Italian Profanity - Profanity in Literature

Profanity in Literature

Italian writers have often used profanity for the spice it adds to their pages. This is an example from a seventeenth century collection of tales, the Pentamerone, by the Neapolitan Giambattista Basile:

Ah, zoccaro, frasca, merduso, piscialetto, sauteriello de zimmaro, pettola a culo, chiappo de 'mpiso, mulo canzirro! ente, ca pure le pulece hanno la tosse! va', che te venga cionchia, che mammata ne senta la mala nuova, che non ce vide lo primmo de maggio!

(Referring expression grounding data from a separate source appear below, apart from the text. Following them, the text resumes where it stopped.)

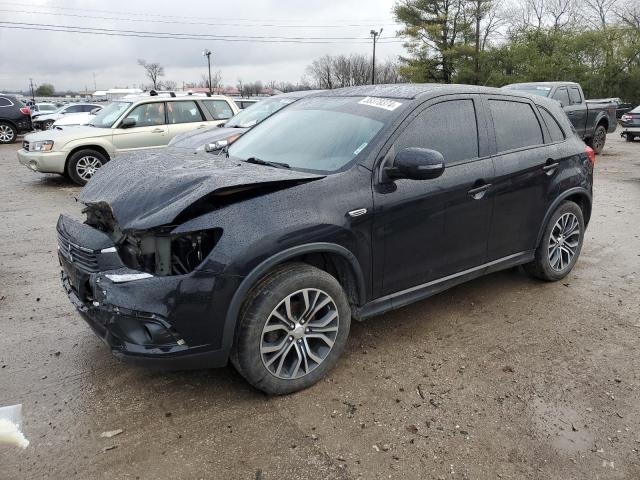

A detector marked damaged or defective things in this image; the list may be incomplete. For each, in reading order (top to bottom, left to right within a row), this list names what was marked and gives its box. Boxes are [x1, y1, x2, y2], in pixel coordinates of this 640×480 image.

crushed front end [55, 212, 230, 370]
broken headlight [118, 230, 222, 278]
damaged black suv [57, 85, 592, 394] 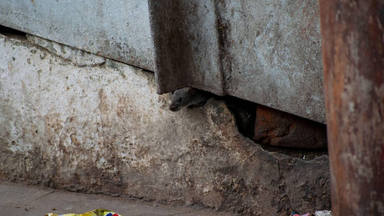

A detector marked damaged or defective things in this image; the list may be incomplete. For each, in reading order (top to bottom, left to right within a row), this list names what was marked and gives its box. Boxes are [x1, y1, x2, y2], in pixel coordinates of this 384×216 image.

cracked concrete [0, 34, 330, 215]
rusty metal pole [318, 0, 384, 214] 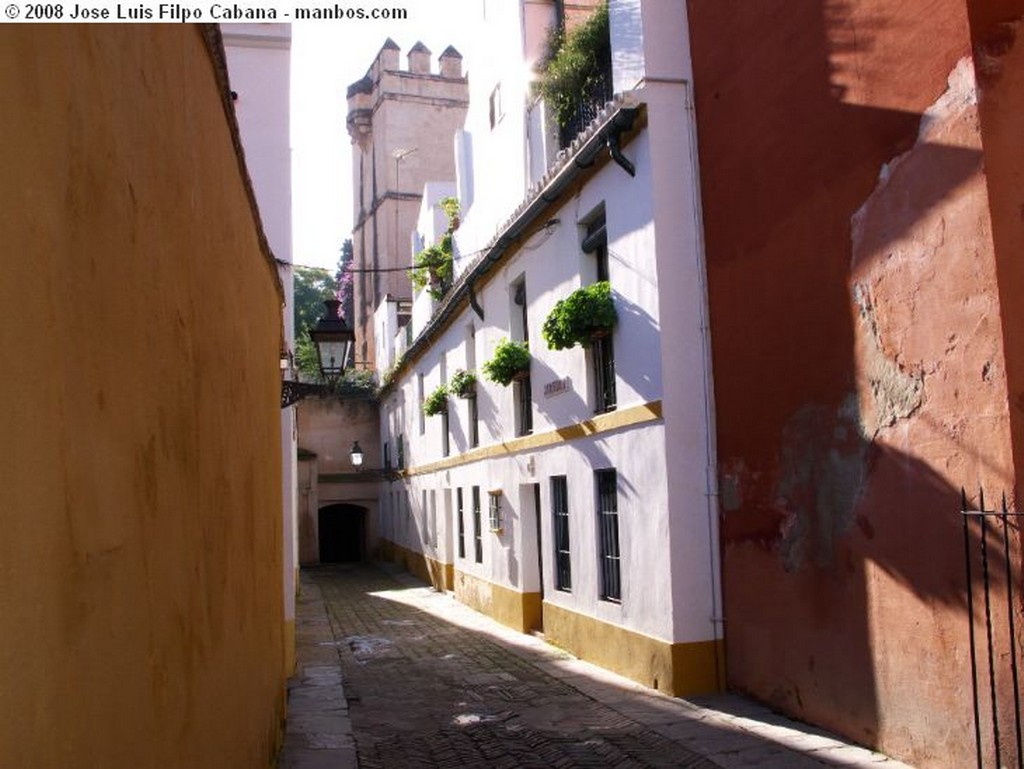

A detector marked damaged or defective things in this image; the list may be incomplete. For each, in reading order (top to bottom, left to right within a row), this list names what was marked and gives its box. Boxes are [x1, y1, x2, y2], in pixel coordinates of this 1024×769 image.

peeling plaster wall [688, 3, 1024, 765] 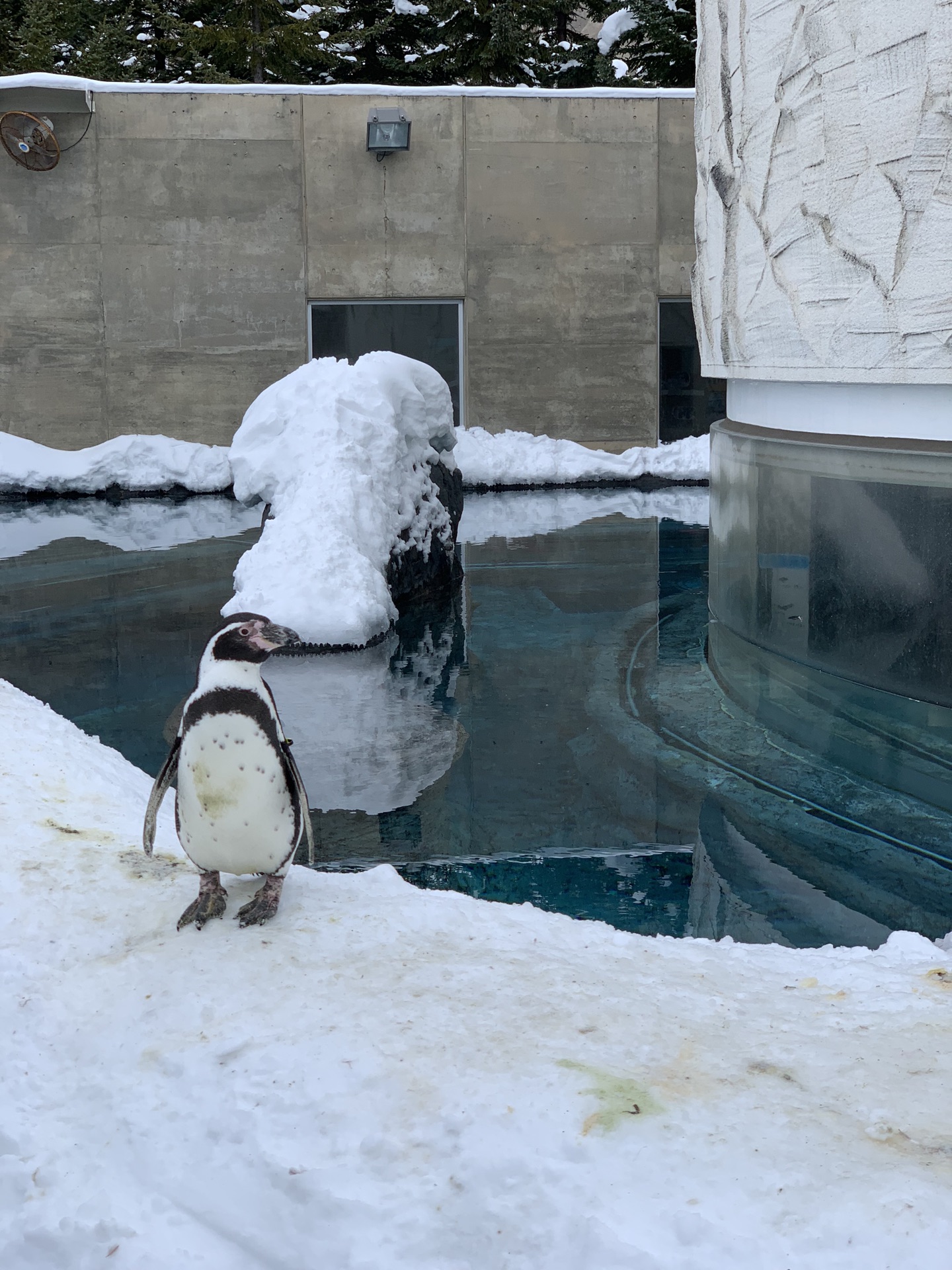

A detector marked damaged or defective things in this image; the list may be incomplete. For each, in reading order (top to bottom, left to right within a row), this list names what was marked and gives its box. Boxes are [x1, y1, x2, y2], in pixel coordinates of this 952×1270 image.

rusty wall fan [0, 111, 60, 171]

Va', che te sia data lanzata catalana o che te sia dato stoccata co na funa, che non se perda lo sango, o che te vangano mille malanne, co l'avanzo e priesa e vento alla vela, che se ne perda la semmenta, guzzo, guitto, figlio de 'ngabellata, mariuolo!

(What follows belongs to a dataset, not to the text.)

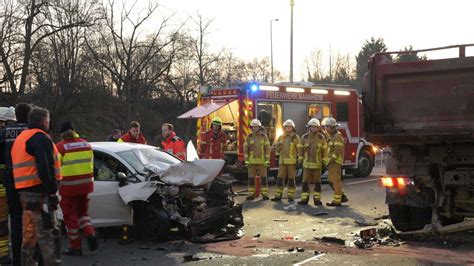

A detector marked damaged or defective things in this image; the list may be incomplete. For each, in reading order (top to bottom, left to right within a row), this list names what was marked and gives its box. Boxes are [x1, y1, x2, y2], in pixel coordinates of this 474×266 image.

damaged white car [58, 142, 243, 242] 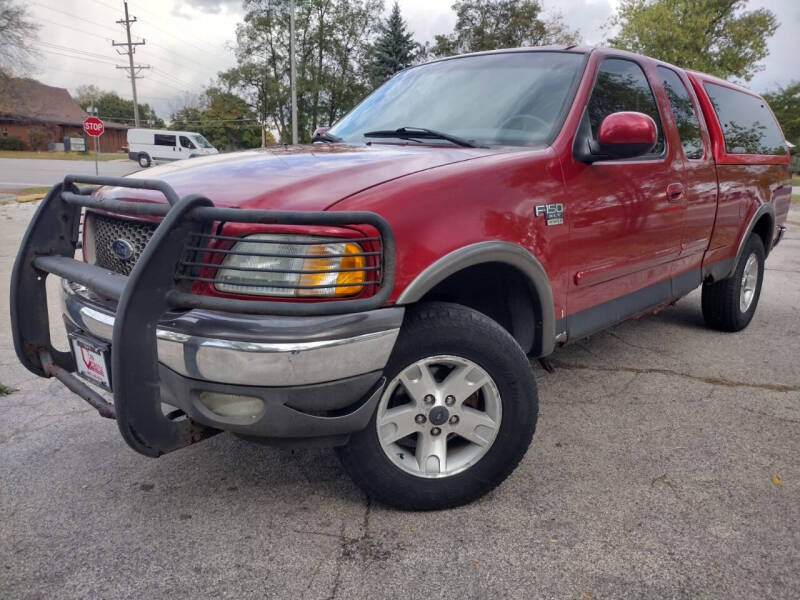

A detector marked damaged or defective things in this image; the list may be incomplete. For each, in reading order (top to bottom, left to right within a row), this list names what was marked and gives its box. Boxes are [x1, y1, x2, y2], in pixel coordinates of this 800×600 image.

pavement crack [552, 360, 800, 394]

This tirade could be translated like this:

Ah, good for nothing, feather, full of shit, piss-in-your-bed, jack of the harpsichord, shirt on the arse, loop of the hanged, hard-headed mule! Look, now also lice cough loudly! Go, that palsy get you, that your mom get the bad news, that you cannot see the first of May. Go, that a Catalan spear pass through you, that a rope be tied around your neck, so that your blood won't be lost, that one thousand illnesses, and someone more, befall you, coming in full wind, that your name be lost, brigand, poor, son of a whore, thief."